• [THE PROBLEM]: Copy each line, word for word, from the one with "Profile of a" through the final line of the listing, but skip the pictures.

[[ PROVIDED MATERIAL open ]]

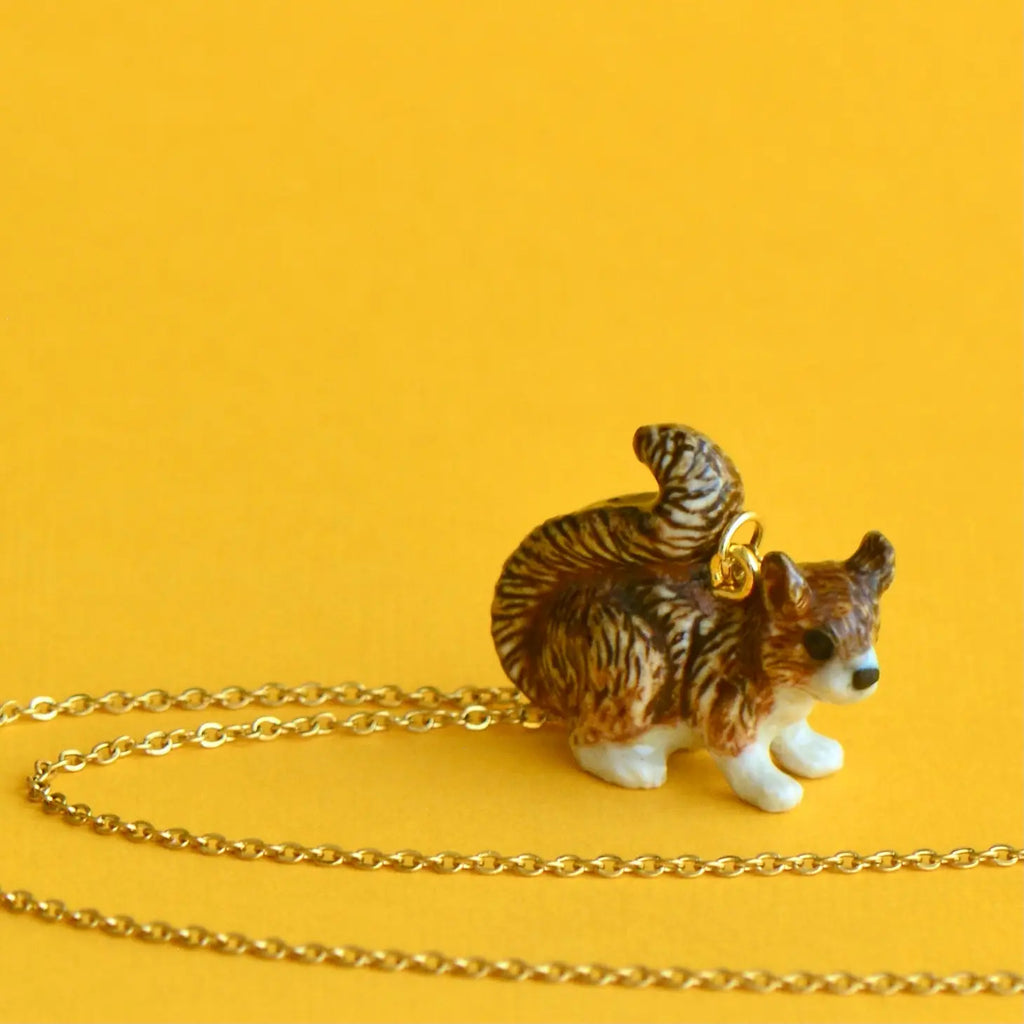 A small porcelain figurine of a brown and white cat, hand painted, with a 24k gold plated Squirrel Necklace attached, sitting on a plain yellow background with a golden chain loosely laid next to
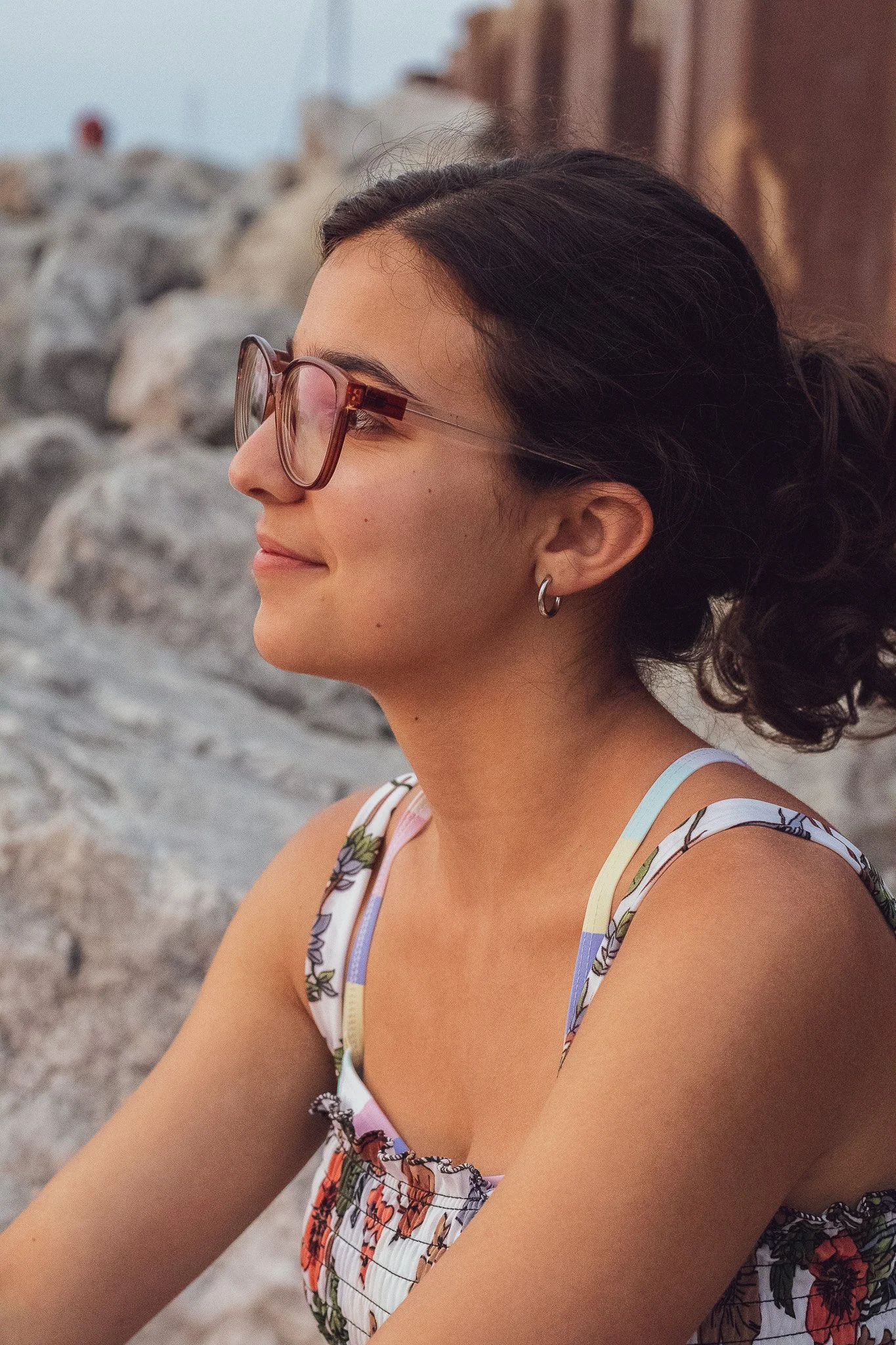 Profile of a young woman with dark curly hair wearing large sunglasses and small hoop earrings. She is smiling slightly and wearing a floral patterned tank top. The background features a rocky shoreline.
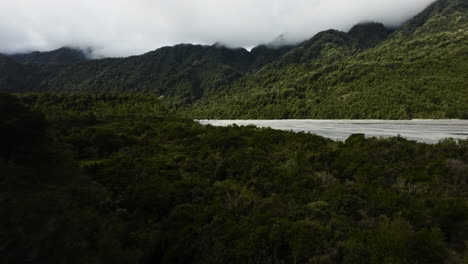 fpv acrobático que revela una toma de un arroyo que corre en el valle de la montaña en nueva zelanda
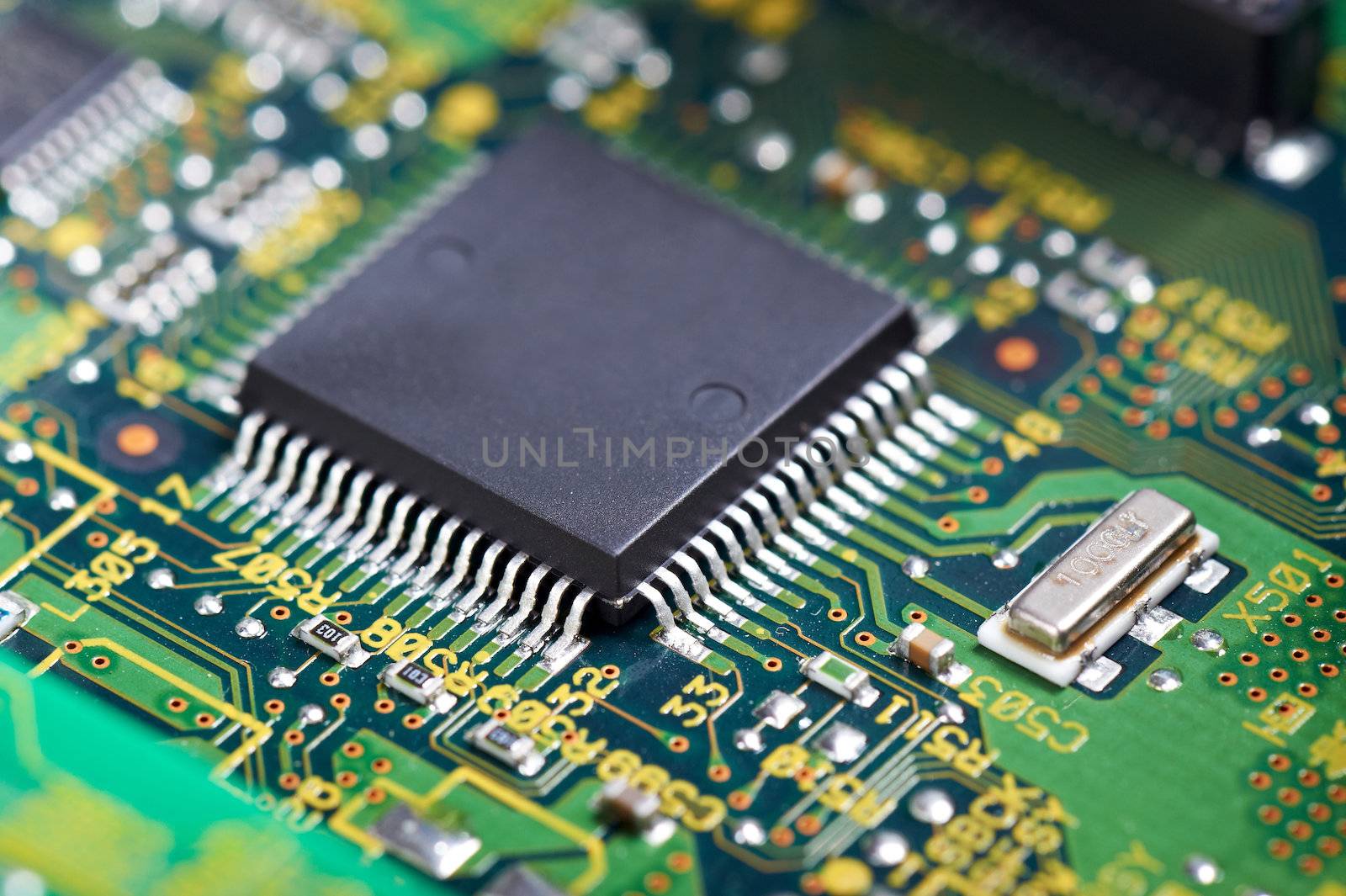 Close-up of chip on computer circuit board.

[[ PROVIDED MATERIAL closed ]]

• [RESPONSE TO THE TASK]:
 Profile of a young woman with dark curly hair wearing large sunglasses and small hoop earrings. She is smiling slightly and wearing a floral patterned tank top. The background features a rocky shoreline.
 fpv acrobático que revela una toma de un arroyo que corre en el valle de la montaña en nueva zelanda
 Close-up of chip on computer circuit board.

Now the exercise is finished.